D’autres changements vont néanmoins exiger une formation ou un recyclage plus important. Un mécanicien auto aura sans doute besoin de formation pour passer d’une automobile fonctionnant à l’essence à un véhicule électrique par exemple, alors que de nouvelles professions comme les techniciens en énergie solaire auront bien besoin d’une longue formation continue ou d’un diplôme de niveau universitaire. «Les travailleurs devront connaître les nouvelles technologies et les nouvelles réglementations. Les métiers actuels connaissent davantage de changements aux niveaux de qualification inférieur et intermédiaire, alors que les professions émergentes requièrent souvent un niveau élevé de qualification», ajoute Olga Strietska-Ilina.

A court terme, le déclin des industries à haute intensité de carbone pourrait provoquer des pertes d’emplois dans ces secteurs. Olga Strietska-Ilina appelle à anticiper cette évolution. «Bien que les nouvelles possibilités d’emplois naissant sur les marchés émergents à faibles émissions de carbone soient censées contrebalancer le chômage, ceux qui obtiendront les emplois verts ne sont pas nécessairement ceux qui auront perdu leur travail. La reconversion devient donc vitale pour qu’une juste transition vers l’économie verte s’opère en douceur. Les personnes peu qualifiées sont particulièrement vulnérables et les catégories les plus défavorisées sur le marché du travail ont besoin d’une aide ciblée.»

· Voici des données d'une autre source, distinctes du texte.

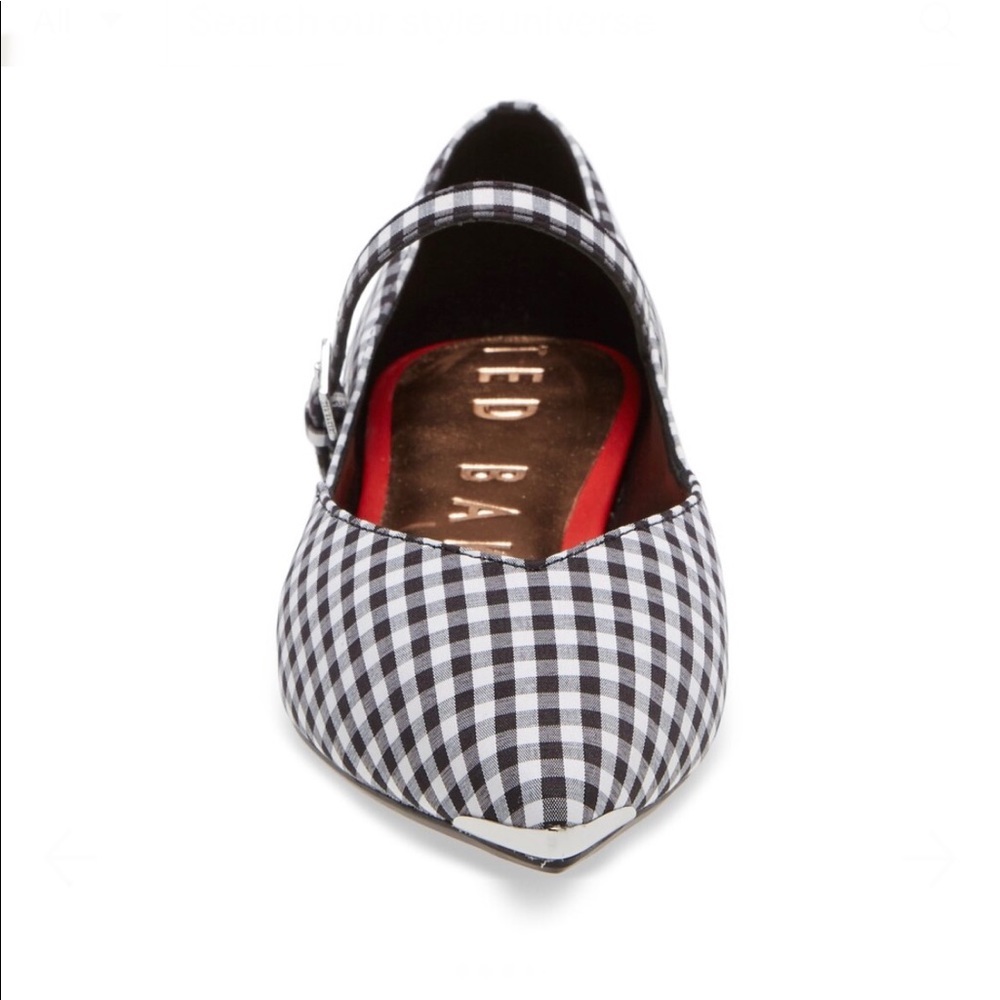 Ted Baker Hujig Gingham Mary Jane Flat, NEW - Picture 5 of 17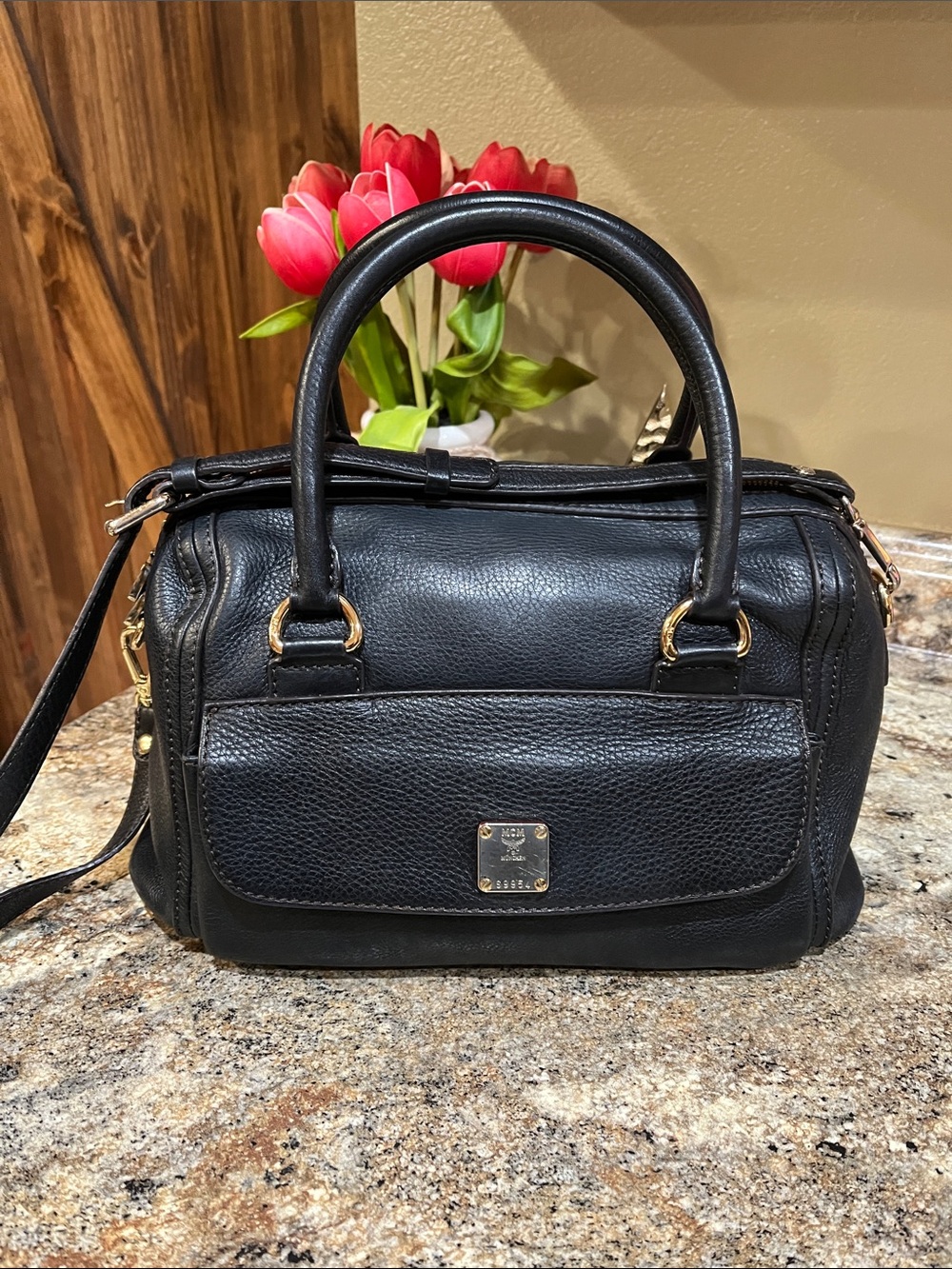 MCM Boston Black leather handbag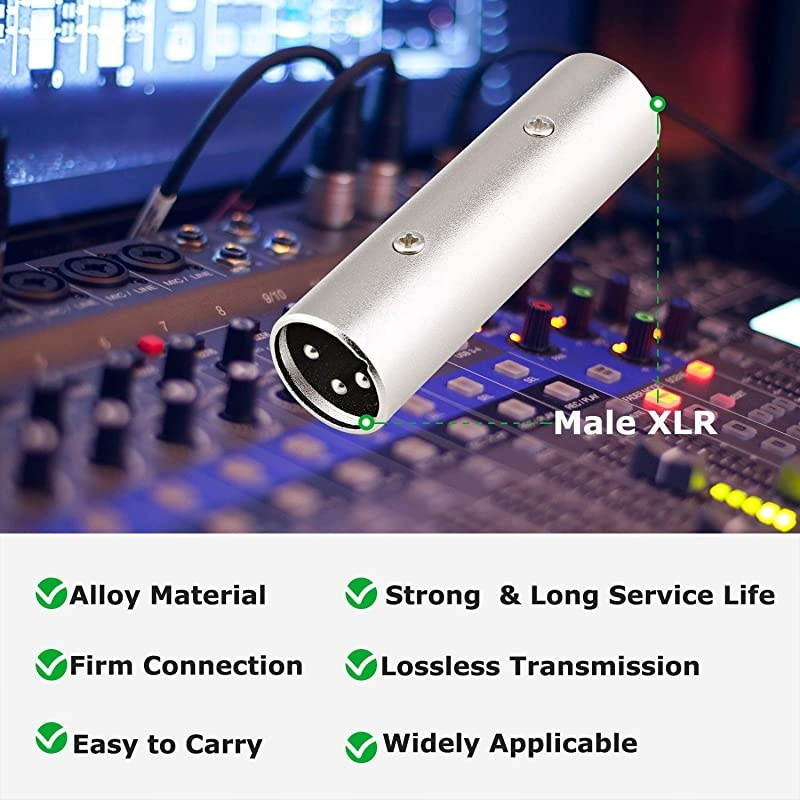 Male XLR to 1/4 inch Female Adapter,  Quarter 1/4" Inch 6.35mm Female Jack Socket to 3PIN XLR Male Heavy Duty Metal Audio Microphone Adapter, 1 Pack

Rendre les emplois verts sûrs

Les compétences ne sont que l’une des dimensions de l’initiative Emplois verts de l’OIT. La santé et la sécurité au travail apportent une autre dimension, en particulier dans des domaines tels que la gestion et le recyclage des déchets, où les conditions de travail peuvent parfois être misérables. De récentes activités ont permis d’y réaliser de réels progrès pour les ouvriers.

Dans la région Asie-Pacifique par exemple, une initiative conduite par l’OIT a permis l’élaboration et la publication d’un nouveau manuel de formation intitulé WARM (le sigle anglais pour «Ajustement du travail pour recycler et gérer les déchets»), spécifiquement consacré aux travailleurs qui ramassent les déchets. WARM, qui a été expérimenté à Fidji et qui est maintenant utilisé dans d’autres pays de la région, cherche les moyens par lesquels l’énergie de la communauté pourrait être mise à contribution pour améliorer la sécurité du recyclage et de la gestion des déchets par les travailleurs.

Ce type d’initiatives se multiplie rapidement car les mandants de l’OIT à travers le monde, du Bangladesh au Kenya ou à la Guyane, sont à la recherche de conseil et d’assistance directe pour faire face aux dimensions sociale et d’emploi du changement climatique et d’une économie écologiquement plus rationnelle. Par conséquent, le programme Emplois verts prend de l’ampleur en étendue et en volume et (avec l’appui du Centre international de formation de Turin) met particulièrement l’accent sur la gestion des connaissances et le renforcement des capacités à travers l’OIT et le système des Nations Unies.

Pour Kees van der Ree et d’autres collègues du BIT impliqués dans ces initiatives, le message concerne l’intégration de l’agenda des emplois verts dans l’appel de l’OIT en faveur du travail décent. «Le changement climatique est bien plus qu’une simple question d’environnement, nous sommes face à une transformation majeure de nos sociétés et de nos économies. La conversion à une société durable, à faibles émissions de carbone, doit être aussi équitable que possible, précise-t-il. Les emplois verts posent deux grandes questions éthiques: celle de la justice sociale et celle du changement climatique et d’un environnement qui permette la survie de l’espèce humaine à long terme. Je pense qu’on ne peut résoudre l’une sans l’autre.»

1 OIT, PNUE, OIE, CSI. Emplois verts: pour un travail décent dans un monde durable, à faibles émissions de carbone, Genève, 2008.